Security is achieved by using the IOMMU to translate DMA addresses from guest physical memory to system memory, preventing DMA attacks where the guest attempts to read host memory or memory of other VMs. Additionally, interrupt remapping and assignment of separate protection contexts are used, but vulnerabilities remain if there are problems in the IOMMU or when using SR-IOV without proper device grouping.

Logging

PCIe Passthrough logging is implemented at several levels: the hypervisor logs device binding/unbinding events to the vfio-pci module, IOMMU translation errors (e.g., dmar: DRHD: handling fault status in the Linux kernel log), and interrupts are logged via the virtual machine context (QEMU log with -trace). Guest drivers perform normal logging of access errors, which are no longer intercepted by the host.

Limitations

The main limitations are: inability to perform live migration of a VM with a passed through device (the cards state cannot be serialized), the entire IOMMU group must be passed as a unit (ACS override may be necessary), the need for a dedicated device per VM (without SR-IOV hardware port virtualization), and dependence on correct device reset implementation (FLR or system reset) for re passthrough.
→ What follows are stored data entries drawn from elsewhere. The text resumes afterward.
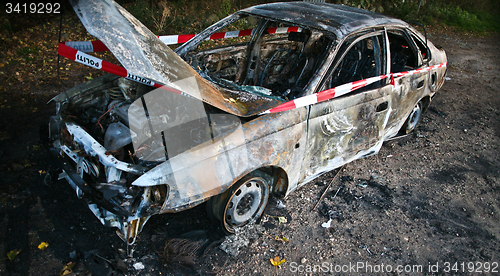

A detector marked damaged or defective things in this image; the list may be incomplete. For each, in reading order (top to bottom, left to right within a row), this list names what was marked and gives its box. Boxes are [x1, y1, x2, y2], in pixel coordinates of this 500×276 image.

burned car [47, 0, 446, 243]
charred car roof [240, 1, 408, 38]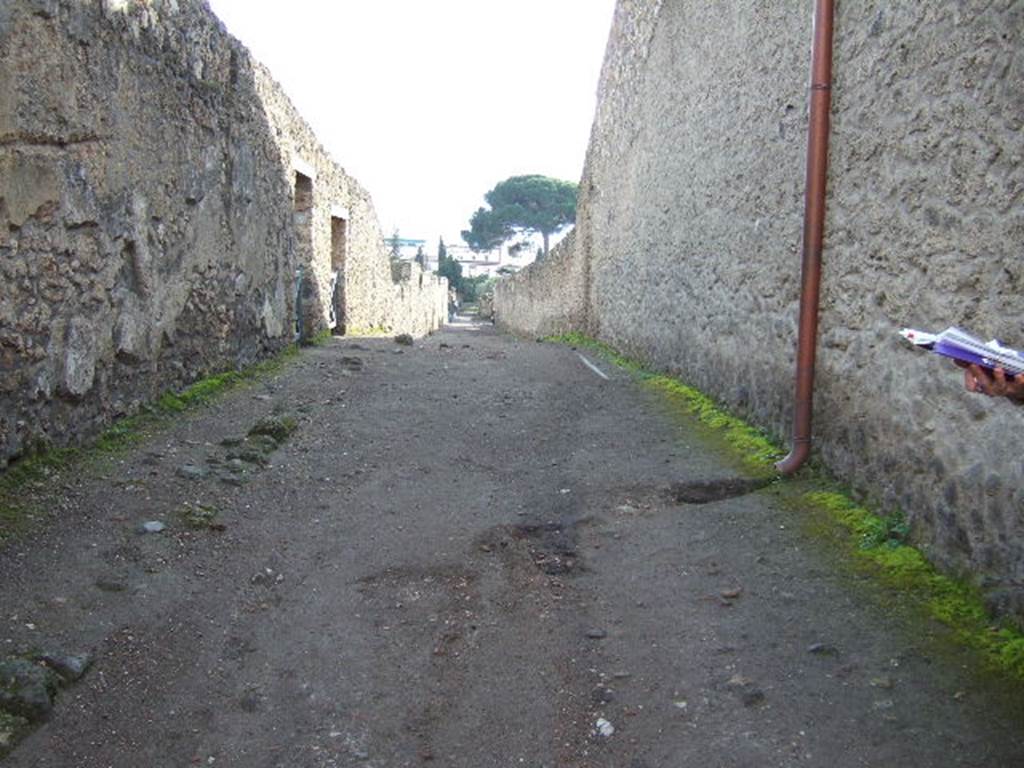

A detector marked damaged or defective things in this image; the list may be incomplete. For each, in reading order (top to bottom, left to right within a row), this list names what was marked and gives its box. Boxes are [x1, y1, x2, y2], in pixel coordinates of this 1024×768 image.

pothole in dirt [667, 479, 770, 507]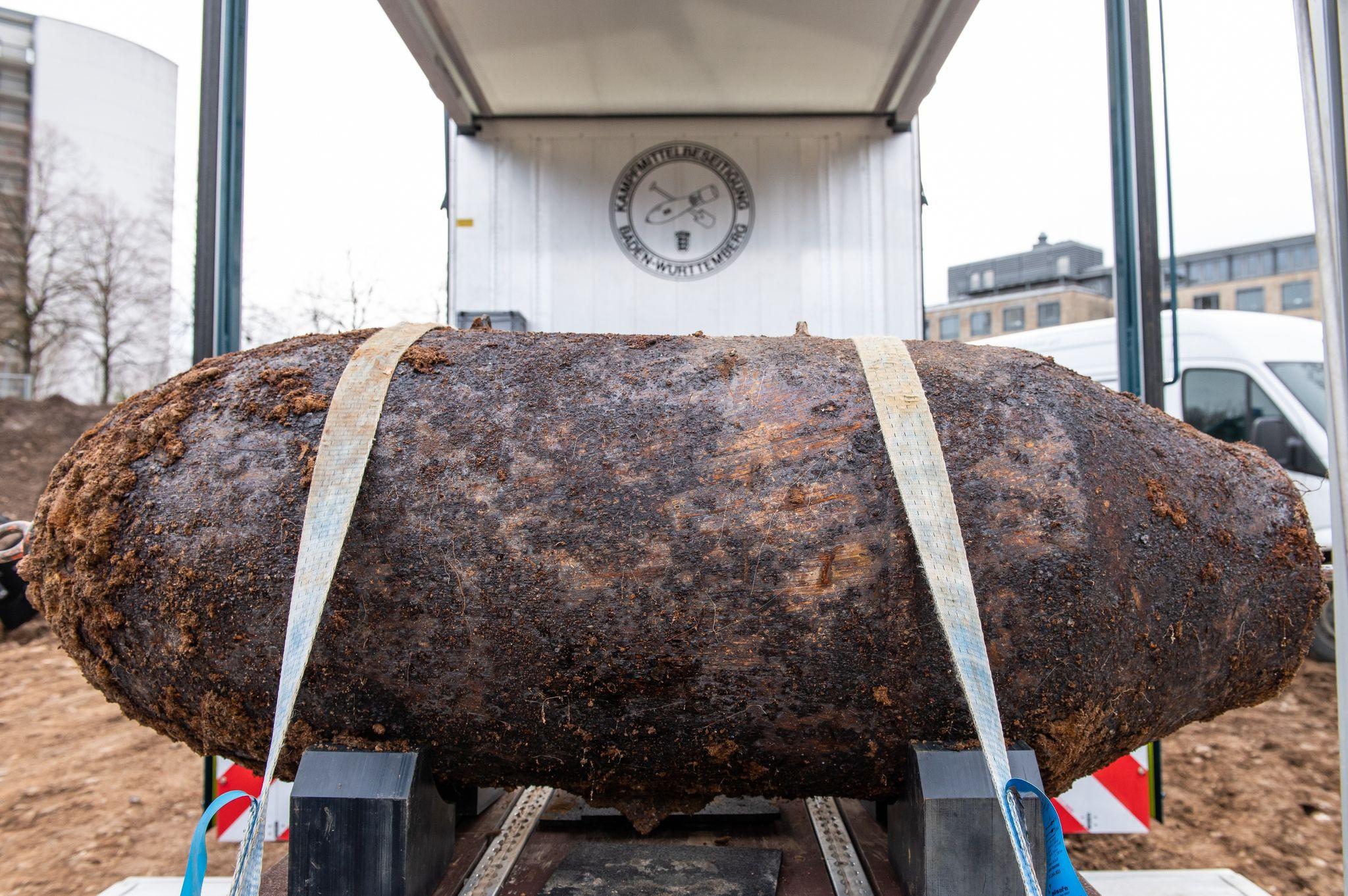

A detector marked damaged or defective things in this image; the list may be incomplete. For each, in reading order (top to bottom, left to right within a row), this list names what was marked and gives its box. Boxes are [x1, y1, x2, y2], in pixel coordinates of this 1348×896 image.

rusty metal surface [24, 326, 1327, 826]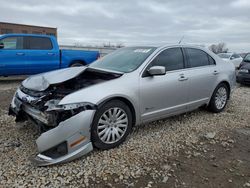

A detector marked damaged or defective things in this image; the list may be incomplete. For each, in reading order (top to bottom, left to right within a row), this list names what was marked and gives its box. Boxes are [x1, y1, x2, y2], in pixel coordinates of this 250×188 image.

bent bumper [8, 88, 95, 166]
crumpled hood [21, 67, 88, 92]
damaged front end [9, 67, 122, 166]
shattered windshield [89, 46, 156, 73]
History and evolution of PCIe Passthrough

The technology began with Xen in 2006 (pci = [ ... ] option), was later implemented in KVM using the pci-assign module (now deprecated), which was replaced by vfio-pci in Linux kernel 3.6 (2012). Subsequent improvements included support for vfio-no-iommu (testing only), hotplug/hot-unplug of devices, partial emulation of PCIe capabilities, and from the 2020s onward, active development of PCIe ATS/PRI support for acceleration.